Input data:
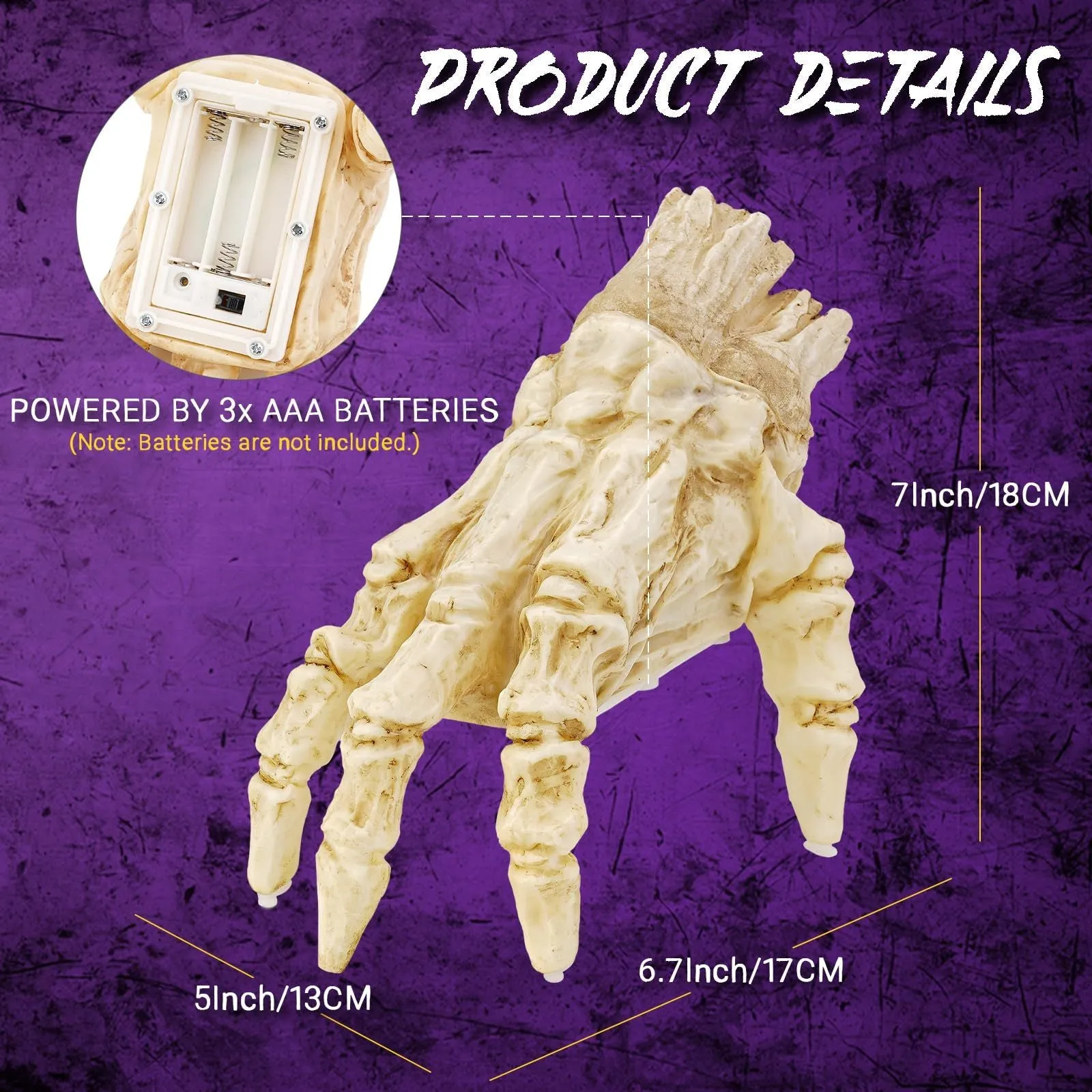 Halloween electric luminous crawling hand made of realistic vinyl with glowing lights on a floor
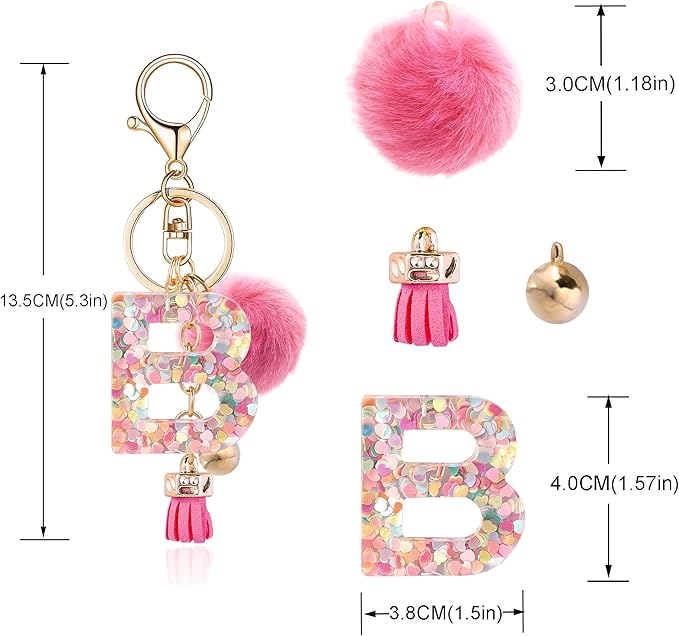 Resin Alphabet Initial Letter Keychain Keyring for Women Purse Handbags With Fur Ball Pom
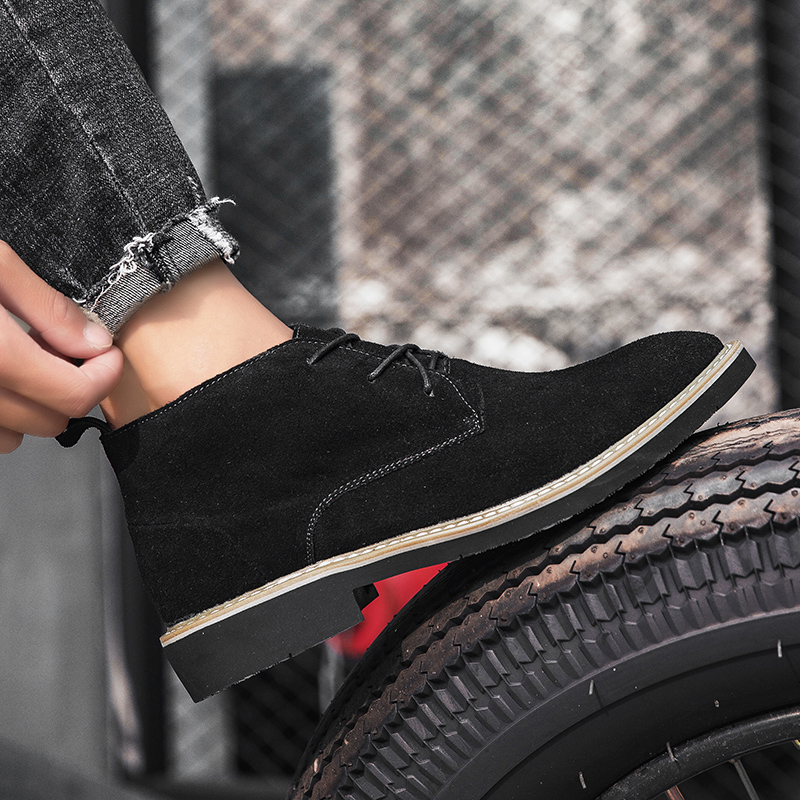 38-46 Fashion Men Leather Boots Pointed Formal Business Shoes Ankle Martin Chelsea Boots Lace-up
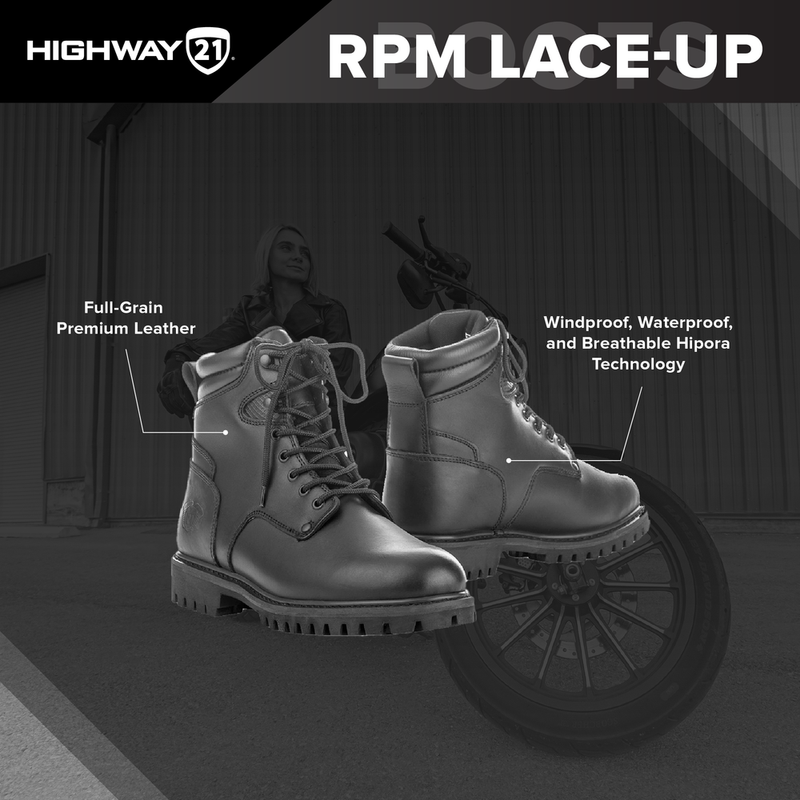 Highway 21 RPM Lace-Up Leather Motorcycle Riding Boots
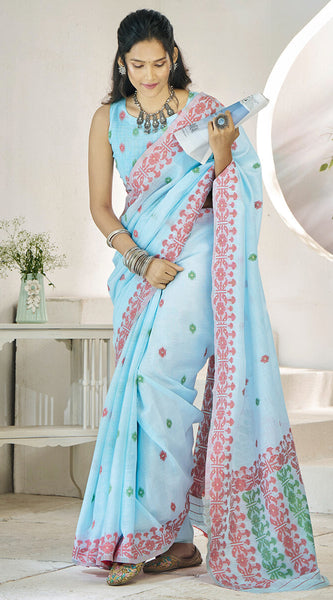 Wonderful Sky Cotton Silk Saree With Amazing Blouse Piece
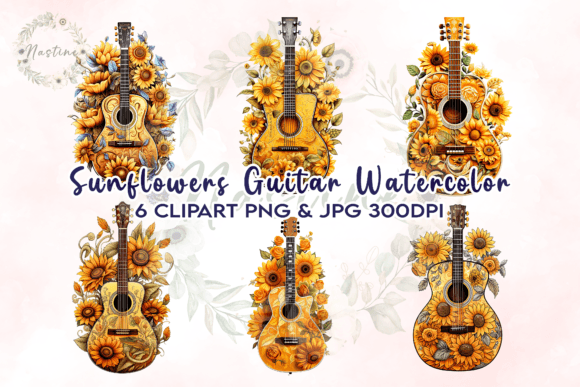 Download Sunflowers Guitar Watercolor Clipart - Clipart Collection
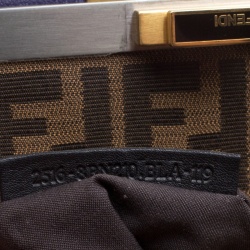 Pre Owned Fendi Purple Leather Large Peekaboo Top Handle Bag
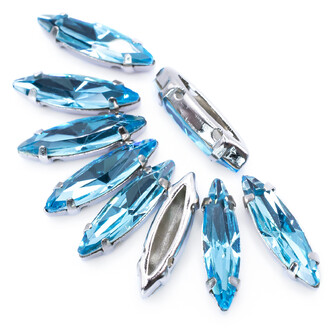 Стразы стекло К9 в цапах Лодочка Голубой 4х15 мм 4 шт. _СЦ415013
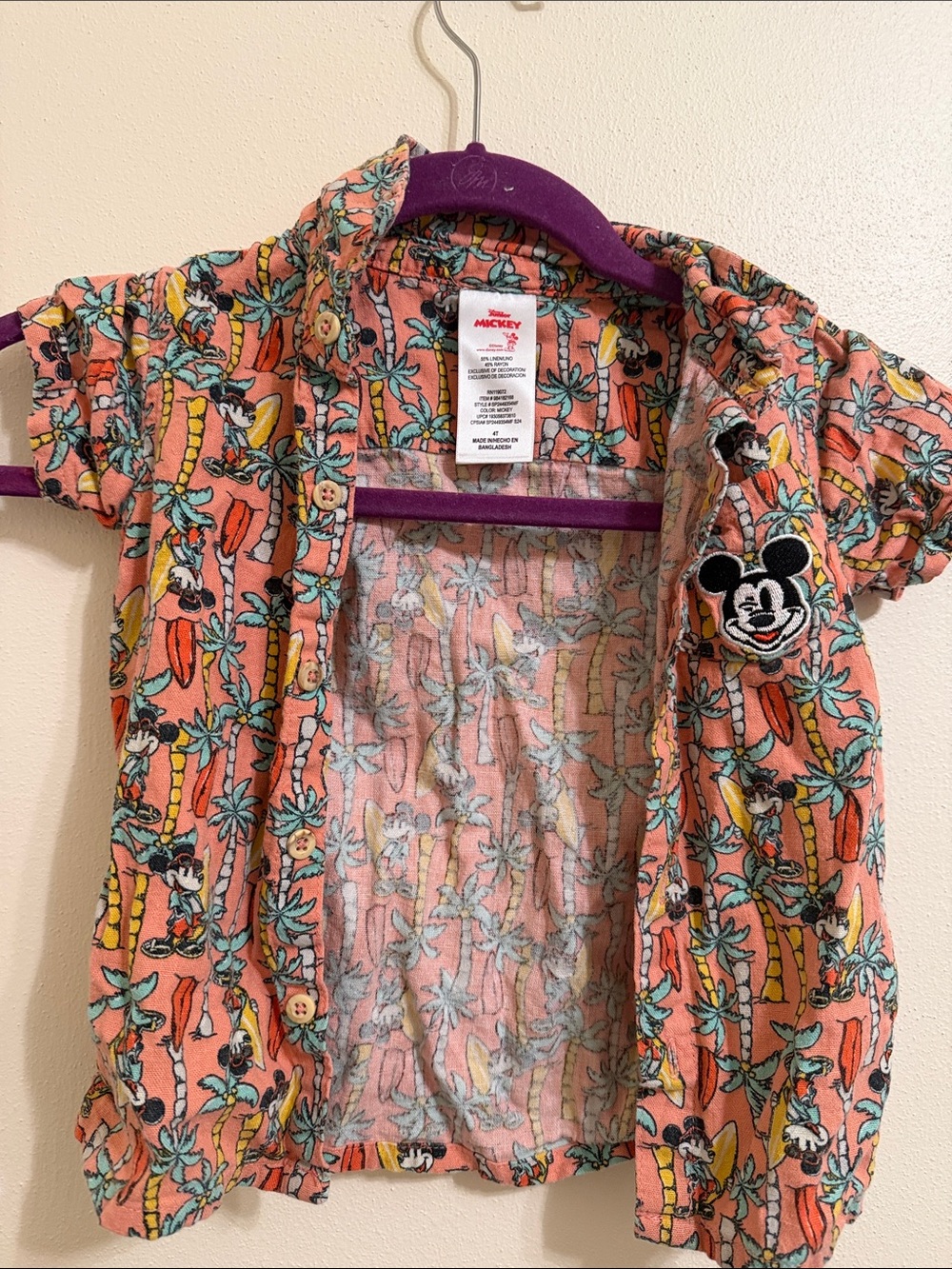 Mickey Mouse Kids Button-Up Shirt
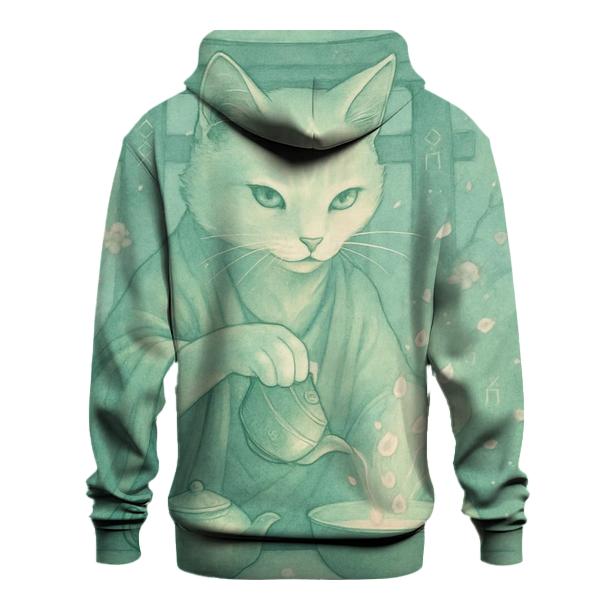 Tea Ceremony Mystic Guardian Cat lightweight hoodies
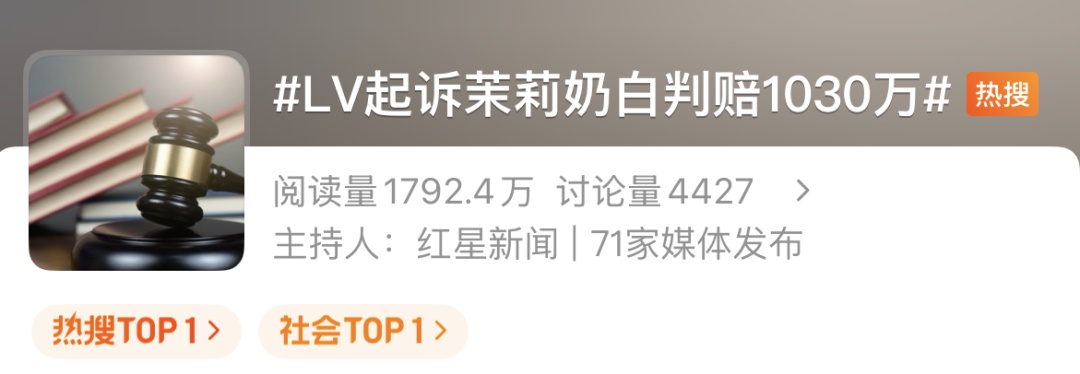 热搜第一！茉莉奶白遭LV起诉，被判赔1030万元，网友热议
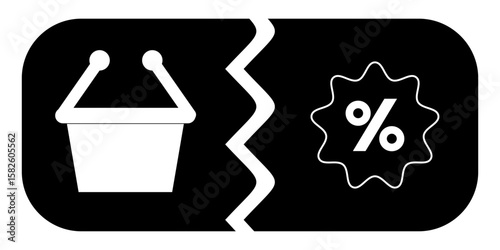 Discount Banner Black and White Percentage Symbol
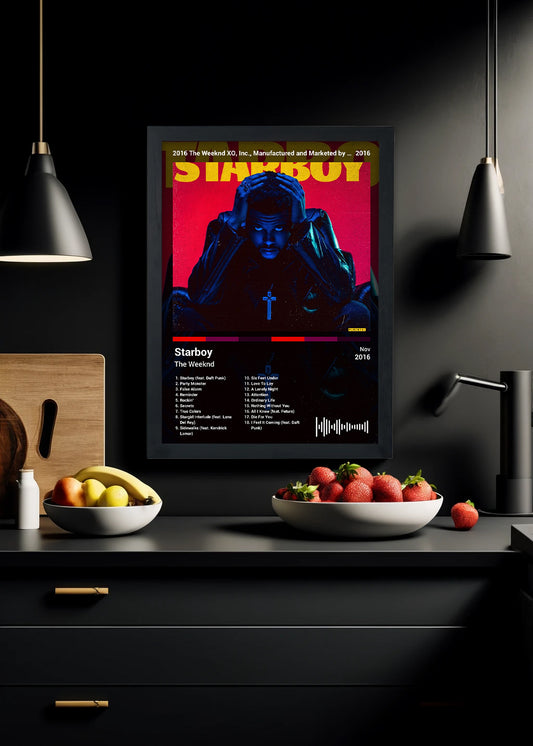Quadro The Weeknd - Starboy (Black) - Com Vidro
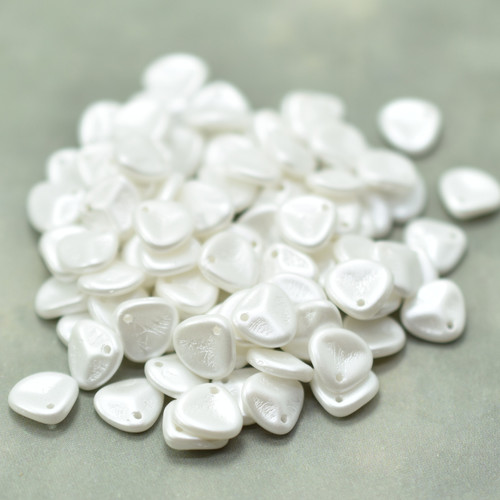 30 Beads - Rose Petal 8x7mm - Pastel White - Czech Glass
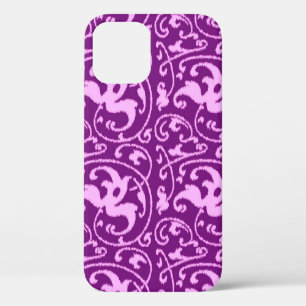Funda Para iPhone 12 Damasco con flores de Ikat - Orquídea y Púrpura
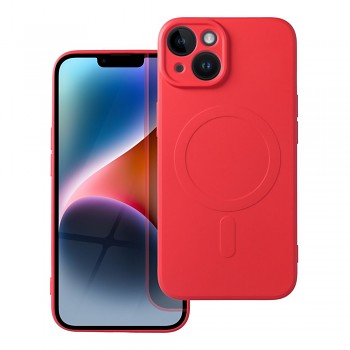 Silikonový kryt pro iPhone 14 Mag Cover kompatibilní s MagSafe (ochrana fotoaparátu) červený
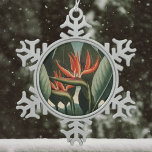 Vintage Bird of Paradise Botanical Temple of Flora Snowflake Pewter Christmas Ornament<br><div class="desc">This exotic bird of paradise "The Queen" design features the amazing vintage botanical artwork of Dr. Robert John Thornton via the Temple of Flora collection. The large orange exotic plants contrast the leafy and abundant tropical foliage. This public image is made available via a book collection from the Biodiversity Heritage...</div>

Assigned task: Every line of the material must be reproduced verbatim; the pictures are to be omitted.

Answer box:
 Halloween electric luminous crawling hand made of realistic vinyl with glowing lights on a floor
 Resin Alphabet Initial Letter Keychain Keyring for Women Purse Handbags With Fur Ball Pom
 38-46 Fashion Men Leather Boots Pointed Formal Business Shoes Ankle Martin Chelsea Boots Lace-up
 Highway 21 RPM Lace-Up Leather Motorcycle Riding Boots
 Wonderful Sky Cotton Silk Saree With Amazing Blouse Piece
 Download Sunflowers Guitar Watercolor Clipart - Clipart Collection
 Pre Owned Fendi Purple Leather Large Peekaboo Top Handle Bag
 Стразы стекло К9 в цапах Лодочка Голубой 4х15 мм 4 шт. _СЦ415013
 Mickey Mouse Kids Button-Up Shirt
 Tea Ceremony Mystic Guardian Cat lightweight hoodies
 热搜第一！茉莉奶白遭LV起诉，被判赔1030万元，网友热议
 Discount Banner Black and White Percentage Symbol
Quadro The Weeknd - Starboy (Black) - Com Vidro
 30 Beads - Rose Petal 8x7mm - Pastel White - Czech Glass
Funda Para iPhone 12 Damasco con flores de Ikat - Orquídea y Púrpura
 Silikonový kryt pro iPhone 14 Mag Cover kompatibilní s MagSafe (ochrana fotoaparátu) červený
 Vintage Bird of Paradise Botanical Temple of Flora Snowflake Pewter Christmas Ornament<br><div class="desc">This exotic bird of paradise "The Queen" design features the amazing vintage botanical artwork of Dr. Robert John Thornton via the Temple of Flora collection. The large orange exotic plants contrast the leafy and abundant tropical foliage. This public image is made available via a book collection from the Biodiversity Heritage...</div>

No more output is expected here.